No, you do not need 3G to create a collection, however, as soon as you are back in an area with 3G, turn it on and synch your Kindle. I created a number of Collections and synched up with my Whispernet. I am glad I did this because I had an issue with my Kindle that required me to de-register it and then re-register it. I don't think my Collections would have shown back up had I not done that synch with the newly created Collections. Just a thought!


----------



## katsim (Apr 19, 2009)

Nope, that doesn't make it happy either - restarted it twice. It shows grayed both in the menu and in the sort bar up top. The poor thing has never been able to connect to 3G, since it has lived its entire life in the desert - so the clock is messed up too, and the 'most recent first'. I guess I just won't worry about it until I can either call CS or get back at least to Germany. Thanks for the suggestions though!


----------



## NiLuJe (Jun 23, 2010)

It doesn't need Whispernet, but it does need to be registered. (There's a thread over @ MR to 'fake' a reg if you're out of 3G coverage).


----------



## Ann in Arlington (Oct 27, 2008)

I wouldn't think you'd need to 'fake' it. . . .seems like you could register it via the Manage Your Kindle page. . .you'd have to have Amazon account log in credentials and the S/N of the Kindle of course. . . . .or maybe I'm not understanding something.


----------



## NiLuJe (Jun 23, 2010)

I'm not sure either, but, giving the feedback on the MR thread, that seems to do the trick to enable the collection feature.


----------



## pidgeon92 (Oct 27, 2008)

Ann in Arlington said:


> I wouldn't think you'd need to 'fake' it. . . .seems like you could register it via the Manage Your Kindle page.

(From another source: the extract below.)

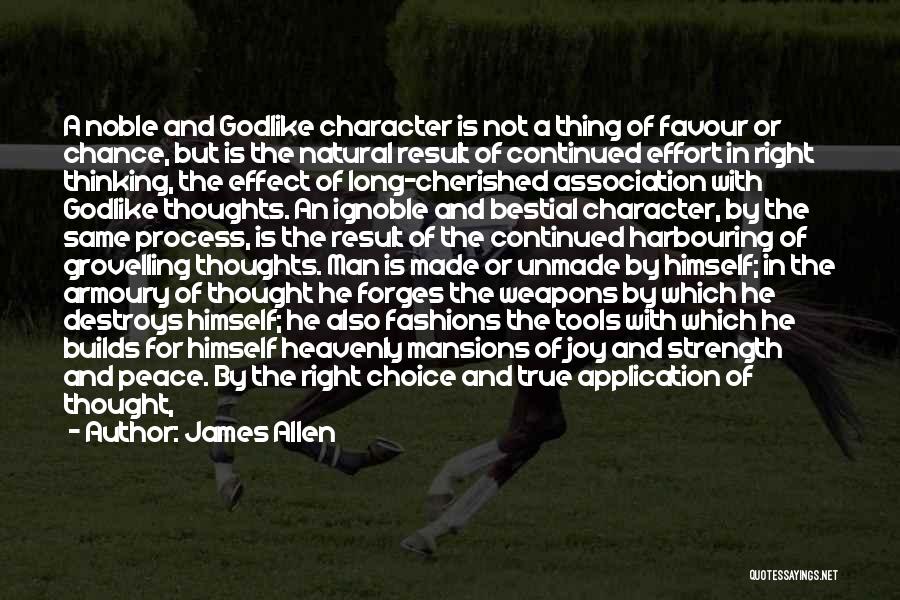James Allen Quotes: A Noble And Godlike Character Is Not A Thing Of Favour Or Chance, But Is The Natural Result Of Continued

You can register it from that page, but how is the Kindle itself going to know it is registered if it cannot communicate with Amazon?


----------



## katsim (Apr 19, 2009)

Yes, it is registered on the 'manage my Kindle' page but the Kindle doesn't know it is registered yet. I guess it will have to wait until I go home on mid-tour leave. Such is life. The sacrifices I make for the country. (kidding!)


----------



## GBear (Apr 23, 2009)

I am also migrating from a (broken) K1 to a K3. While I'm waiting impatiently, can I create collections on the Amazon site by tagging all the books in the archive so that they'll fall into the proper collections when I download them into the new K3?

(It appears from reading the manual that this would not work. But I can't see yet where collections appear on the Amazon site, although I guess they are different from tagging in the Media Library.)

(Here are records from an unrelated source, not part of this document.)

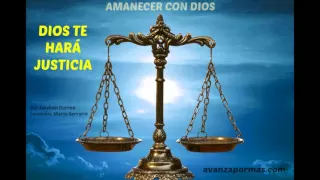 168 - DIOS TE HARÁ JUSTICIA  (Video de reflexión cristiano)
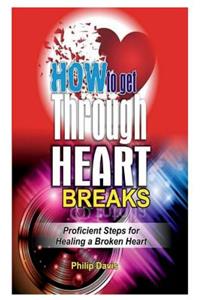 How to Get Through Heart Breaks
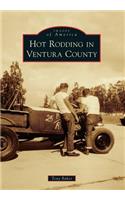 Hot Rodding in Ventura County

I have a more embarrassing question, too: I can't figure out how to regularly get into the "Your Media Library" area mentioned above. I've done it once by accident and just now by searching for Media Library in Kindle Support. But I haven't found a "normal" route to it.

Thanks!


----------



## Ann in Arlington (Oct 27, 2008)

GBear said:


> I am also migrating from a (broken) K1 to a K3. While I'm waiting impatiently, can I create collections on the Amazon site by tagging all the books in the archive so that they'll fall into the proper collections when I download them into the new K3?
> 
> (It appears from reading the manual that this would not work. But I can't see yet where collections appear on the Amazon site, although I guess they are different from tagging in the Media Library.)

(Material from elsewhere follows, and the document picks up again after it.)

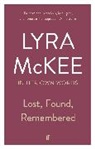 Lyra McKee - Lost, Found, Remembered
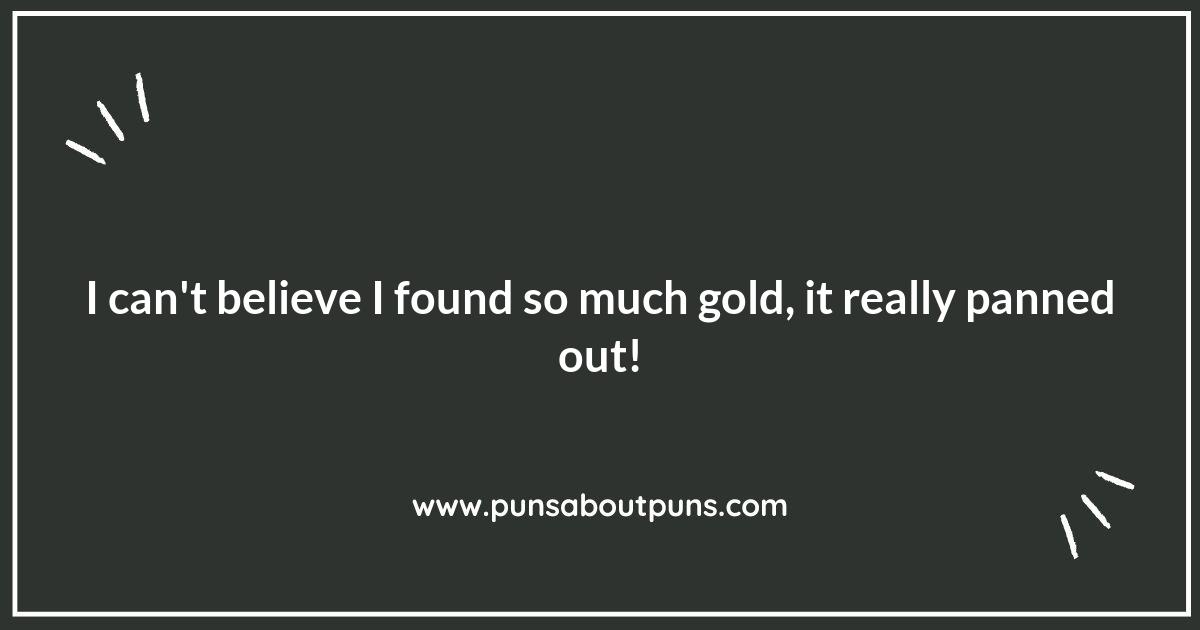 Prospecting for Puns: Gold Panning Edition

Nope. . .I don't think so. . . .what I plan to do is move a few books at a time (definition of 'few' to be determined) when I get my K3 and build collections as I go.


> I have a more embarrassing question, too: I can't figure out how to regularly get into the "Your Media Library" area mentioned above. I've done it once by accident and just now by searching for Media Library in Kindle Support. But I haven't found a "normal" route to it.
> 
> Thanks!


Go to Your Account, log in, and go down to the section that says "digital content". "Your collection" is at the bottom of the second column. Is that what you mean? Once you get there once you can bookmark that page in your browser so you can go directly. . . .


----------



## GBear (Apr 23, 2009)

Thanks, Ann. I was mainly trying to get there from the Manage Your Kindle page.


----------



## Linjeakel (Mar 17, 2010)

Ann in Arlington said:


> Go to Your Account, log in, and go down to the section that says "digital content". "Your collection" is at the bottom of the second column. Is that what you mean? Once you get there once you can bookmark that page in your browser so you can go directly. . . .


UK users might want to note that so far there is no 'Digital Content' section on the 'Your Account' page and the 'View Your Digital Orders' option in the 'Orders' section is 'View Kindle Orders & Charges' on the UK site. The 'Manage Your Kindle' option comes under the 'Settings' section. There is no 'Your Collection' option at all. I've now swapped my account to the UK site but I can still access 'Your Collection' from the US site as described above. It includes items bought on the UK site since I swapped. If you're in the UK and new to Kindle and don't have a US account, I'm not sure where you would access yours. Possibly once the K3s are shipped and newbie Kindle accounts are 'live' the options on the account page may change. They've gradually been changing since the K3 went on sale, but this is the situation as it stands today.


----------



## Ann in Arlington (Oct 27, 2008)

That's good to know, lin. . . .but weird. . . .Do you have this site: http://kindle.amazon.com/your_reading? That's definitely one you can't get to from Amazon.com. . . . .I wonder if there's an analogous UK address. . . . .it basically has your Kindle library in a different format but you can see popular highlights. . . . .I haven't played with it much. . .it doesn't add a lot for me. . . .but it's there. It does say it's in beta, so who knows?


----------